Note- The group I explore with have a strict policy of leaving everything as it was, not vandalizing or stealing, and not exploring or violating any residential properties, nor do we force entry, merely utilize existing openings. Any entry on the blog that does detail a means of access does so under the assumption that the means of access can no longer be reached. Never would we reveal an existing opening over the internet, for fear of negative consequences against the property or the person entering.

 (Click on a picture to see it big)


Most of the offices we didn't dare enter, due to widespread mold or decay of the floor. Also, for reasons such as being seen through the windows that take up a large portion of the walls, meaning it would be difficult to hide our presence. In hindsight I find this quite entertaining, and also rather annoying, as I've become a much more confident explorer, and certainly more daring, meaning that if this building was still big, empty and accessible, I'd probably take more photos and explore it in much better detail.
But we learn from our mistakes.


Allegedly in the past, a World War 1 vet committed suicide in the basement, but this was something we learned later. At the time we were thrilled that it still smelled of burgers from when it had been the kids area at Burger King.

My favourite part was definitely this awesome stairway to nowhere.

But beyond that there was a corridor leading away from the building itself, although it was flooded with rain water, and so we never got to explore where it went- as mentioned, the Burger King buildings explorability was known to the teenagers of Shrewsbury, and so it didn't take long before it was well known to the police too, and the entire thing was locked up and alarmed. The fact that I never got to follow this flooded tunnel still irritates me, and certainly sparked in me the fascination with the underground passages of Shrewsbury myth.
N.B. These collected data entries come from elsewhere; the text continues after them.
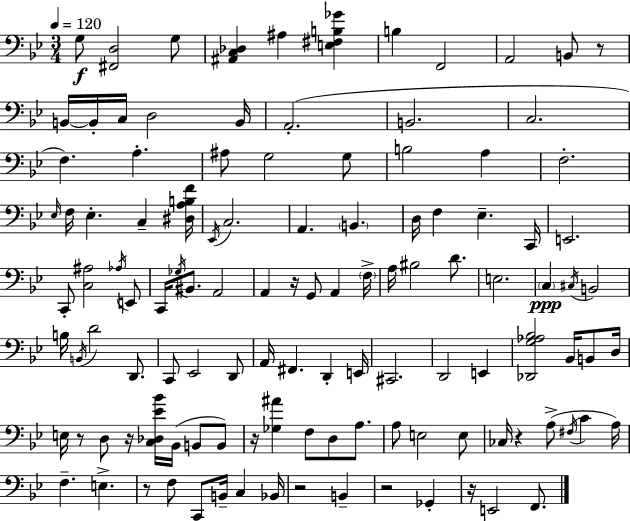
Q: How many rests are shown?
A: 10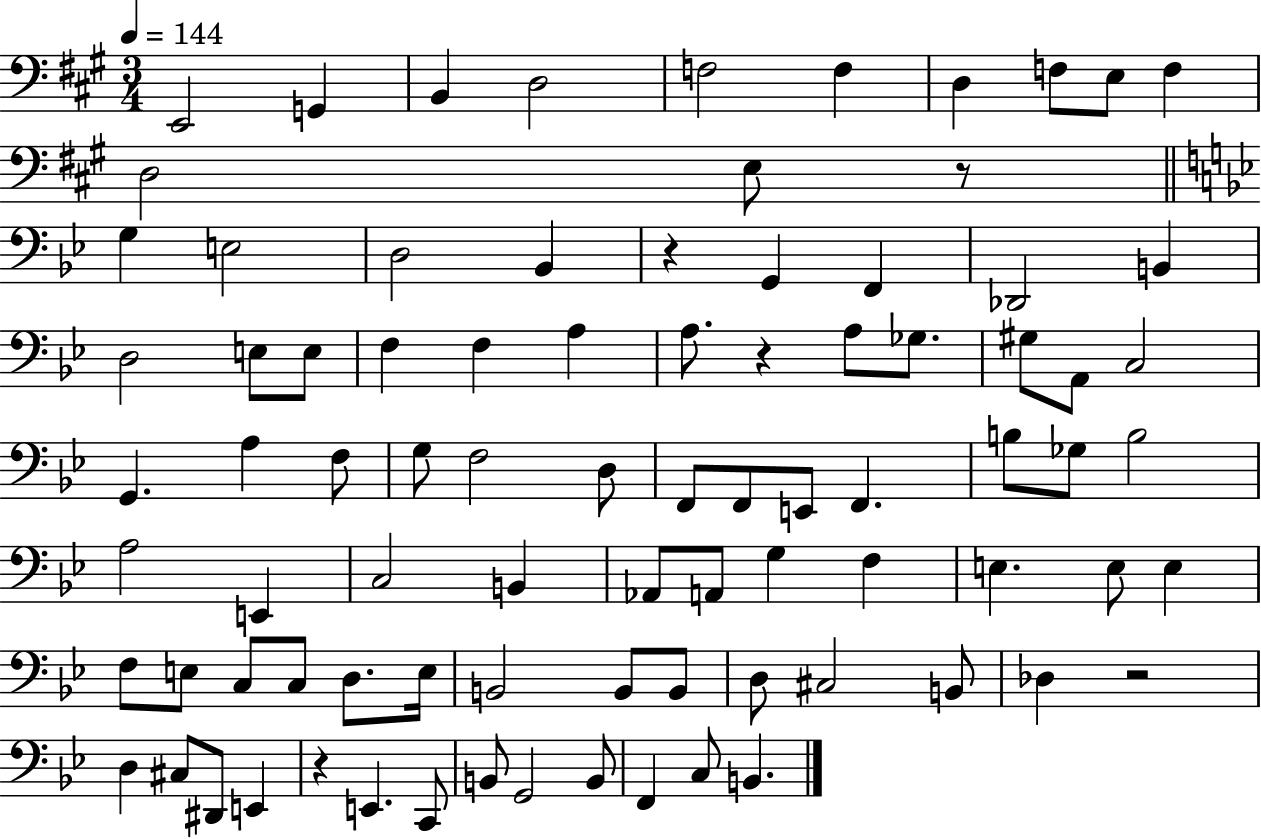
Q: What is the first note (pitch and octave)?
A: E2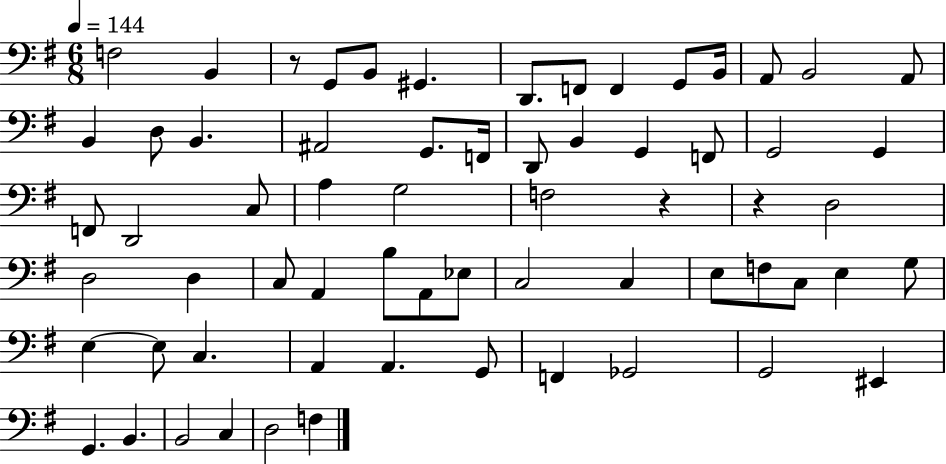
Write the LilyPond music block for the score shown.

{
  \clef bass
  \numericTimeSignature
  \time 6/8
  \key g \major
  \tempo 4 = 144
  f2 b,4 | r8 g,8 b,8 gis,4. | d,8. f,8 f,4 g,8 b,16 | a,8 b,2 a,8 | \break b,4 d8 b,4. | ais,2 g,8. f,16 | d,8 b,4 g,4 f,8 | g,2 g,4 | \break f,8 d,2 c8 | a4 g2 | f2 r4 | r4 d2 | \break d2 d4 | c8 a,4 b8 a,8 ees8 | c2 c4 | e8 f8 c8 e4 g8 | \break e4~~ e8 c4. | a,4 a,4. g,8 | f,4 ges,2 | g,2 eis,4 | \break g,4. b,4. | b,2 c4 | d2 f4 | \bar "|."
}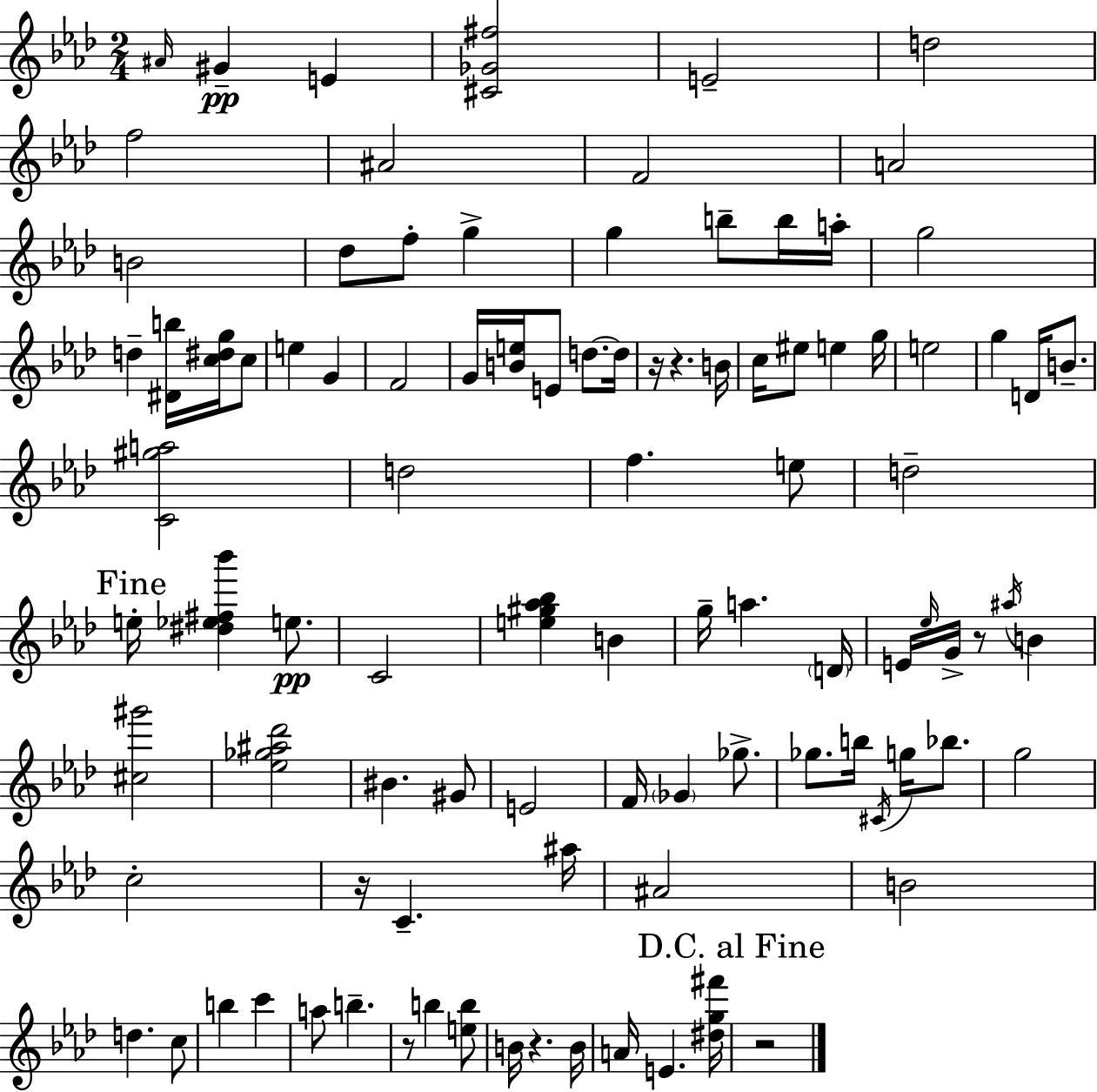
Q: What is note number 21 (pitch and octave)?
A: E5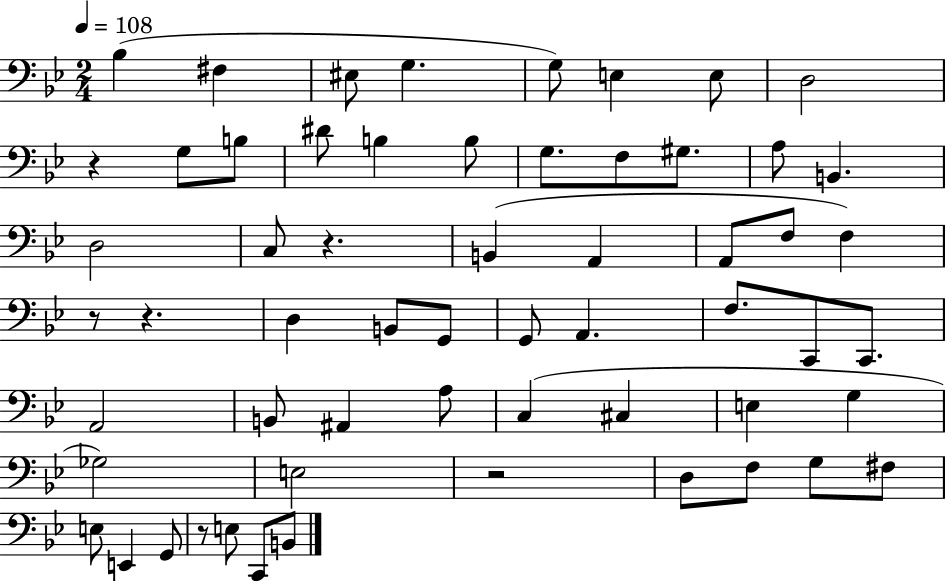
X:1
T:Untitled
M:2/4
L:1/4
K:Bb
_B, ^F, ^E,/2 G, G,/2 E, E,/2 D,2 z G,/2 B,/2 ^D/2 B, B,/2 G,/2 F,/2 ^G,/2 A,/2 B,, D,2 C,/2 z B,, A,, A,,/2 F,/2 F, z/2 z D, B,,/2 G,,/2 G,,/2 A,, F,/2 C,,/2 C,,/2 A,,2 B,,/2 ^A,, A,/2 C, ^C, E, G, _G,2 E,2 z2 D,/2 F,/2 G,/2 ^F,/2 E,/2 E,, G,,/2 z/2 E,/2 C,,/2 B,,/2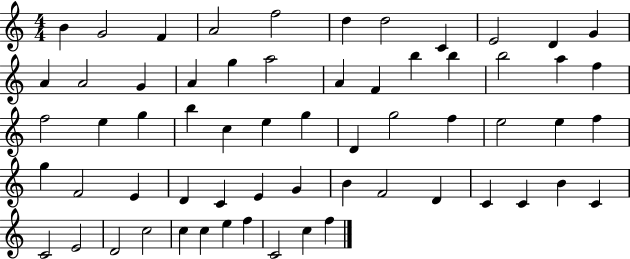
{
  \clef treble
  \numericTimeSignature
  \time 4/4
  \key c \major
  b'4 g'2 f'4 | a'2 f''2 | d''4 d''2 c'4 | e'2 d'4 g'4 | \break a'4 a'2 g'4 | a'4 g''4 a''2 | a'4 f'4 b''4 b''4 | b''2 a''4 f''4 | \break f''2 e''4 g''4 | b''4 c''4 e''4 g''4 | d'4 g''2 f''4 | e''2 e''4 f''4 | \break g''4 f'2 e'4 | d'4 c'4 e'4 g'4 | b'4 f'2 d'4 | c'4 c'4 b'4 c'4 | \break c'2 e'2 | d'2 c''2 | c''4 c''4 e''4 f''4 | c'2 c''4 f''4 | \break \bar "|."
}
However, when Waitrose began working on the place, the building was wrapped up in scaffolding and we were able to once again access the buildings rooftop, and in addition, we were able to expand part of the way down Pride Hill, as far as the roof of Super Drug. This wasn't easy as we had to straddle the triangular rooftop and shuffle along with the fear of a drop on either side. The challenge, however, proved to be in our minds rather than in our physical capabilities. Anyone can do it, but the trick is teaching your mind to accept that doing something so absurd is possible. It was the first time such a ridiculous thing had been done by us but it was good fun, with a better view of the Darwin Shopping Center.

Shrewsbury would prove to be good for rooftop exploration, but naturally I would continue to look deeper...


  1. This is the first time I've read your blog, and I must say it is enchanting and your descriptions wonderful. I know it must take you ages to go through your photos and write all this down. I've spent nearly 4 hours just reading your blog and going to all the links and have thoroughly enjoyed your tour of Shrewsbury even if I am some 6,000 kilometers as the crow flies. Seeing the town from the heights gives a more complete perspective on the actual architecture and layout of Shrewsbury. And I thoroughly enjoyed your forays into the basements and tunnels. Thank you.